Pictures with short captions
◆ ◆ ◆ ◆ ◆ ◆ ◆
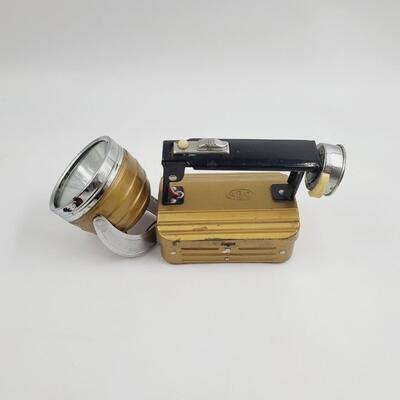 VINTAGE METAL FLASHLIGHT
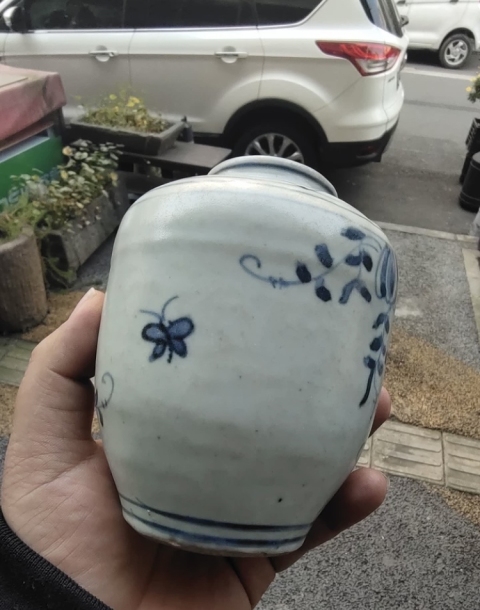 古玩陶瓷青花罐拍賣(mài)，當(dāng)前價(jià)格2500元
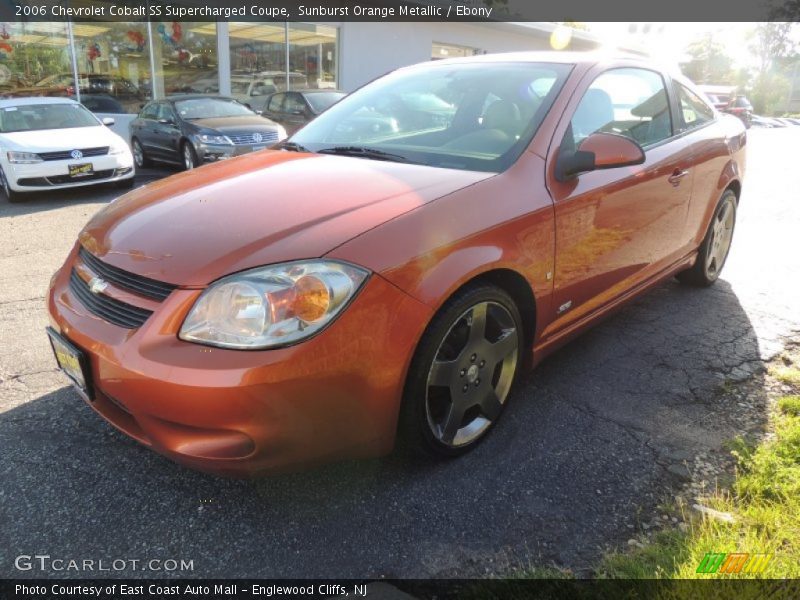 Front 3/4 View of 2006 Cobalt SS Supercharged Coupe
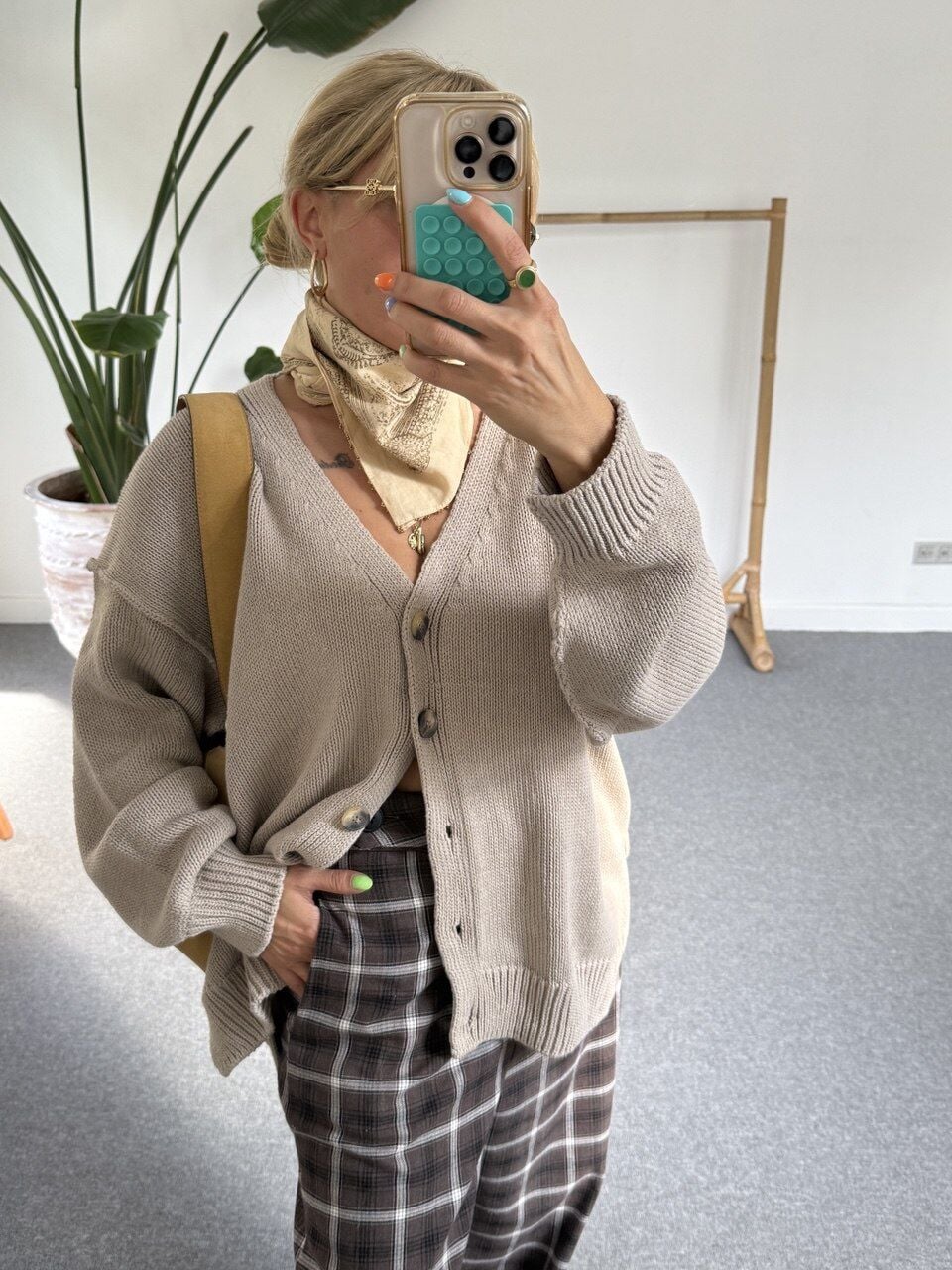 VİZON V YAKA DÜĞMELİ HIRKA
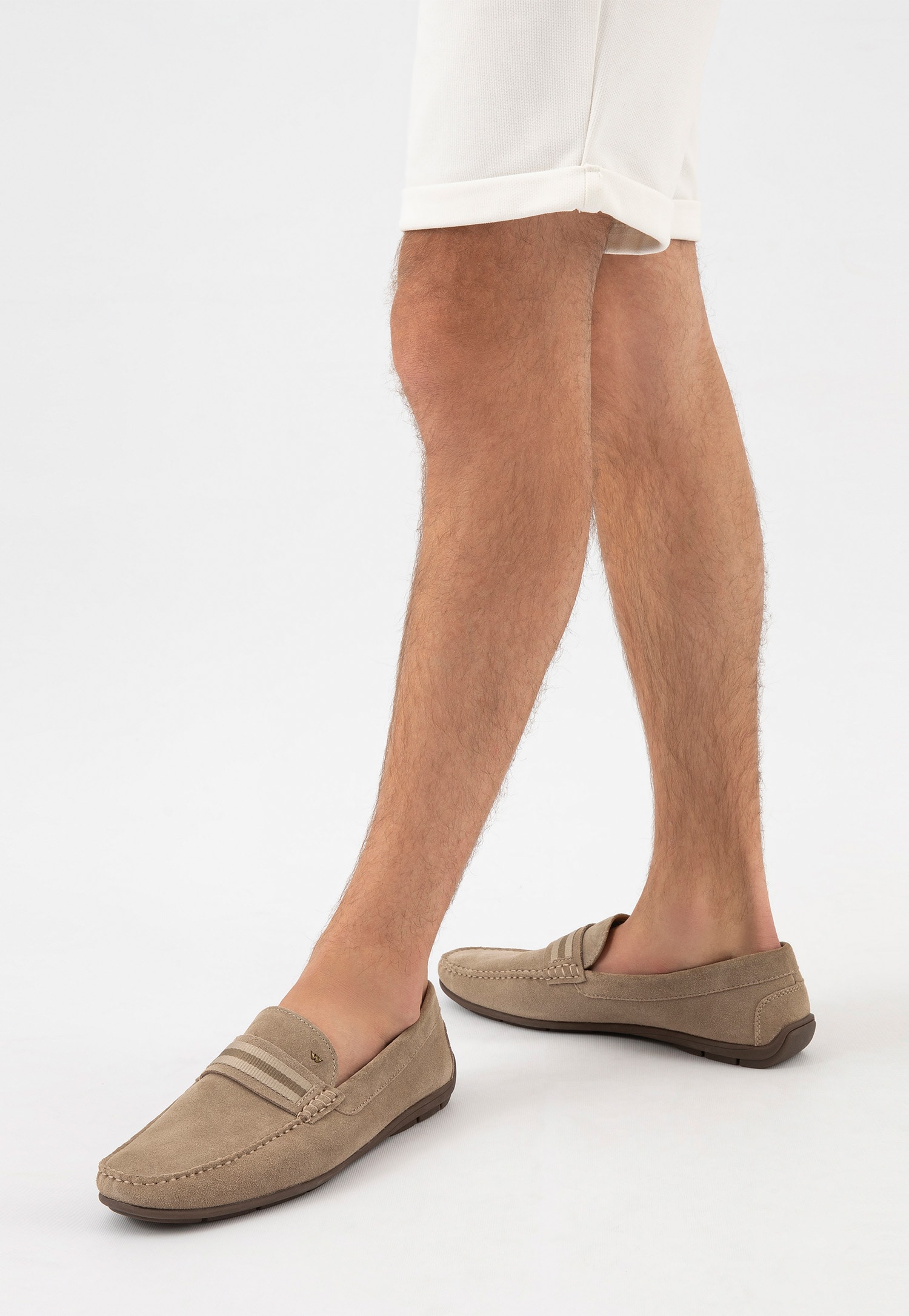 Beżowe mokasyny męskie z ozdobną wstawką z przodu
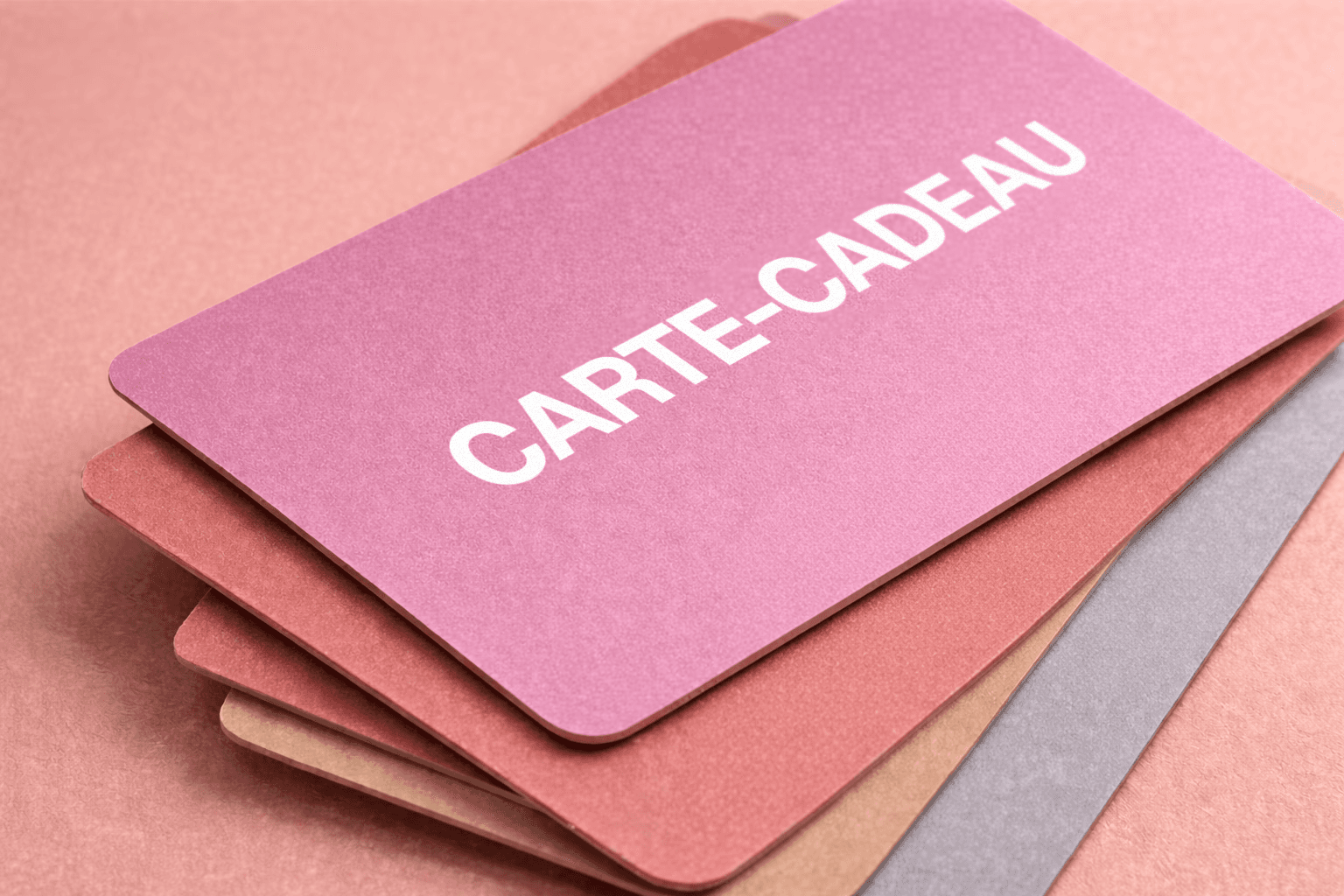 Deux hommes discutent d'un projet tout en se tenant devant un ordinateur portable dans un bureau.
◆ ◆ ◆ ◆ ◆ ◆ ◆
Could you return all of the entries above exactly, without any images?

 VINTAGE METAL FLASHLIGHT
 古玩陶瓷青花罐拍賣(mài)，當(dāng)前價(jià)格2500元
 Front 3/4 View of 2006 Cobalt SS Supercharged Coupe
 VİZON V YAKA DÜĞMELİ HIRKA
 Beżowe mokasyny męskie z ozdobną wstawką z przodu
 Deux hommes discutent d'un projet tout en se tenant devant un ordinateur portable dans un bureau.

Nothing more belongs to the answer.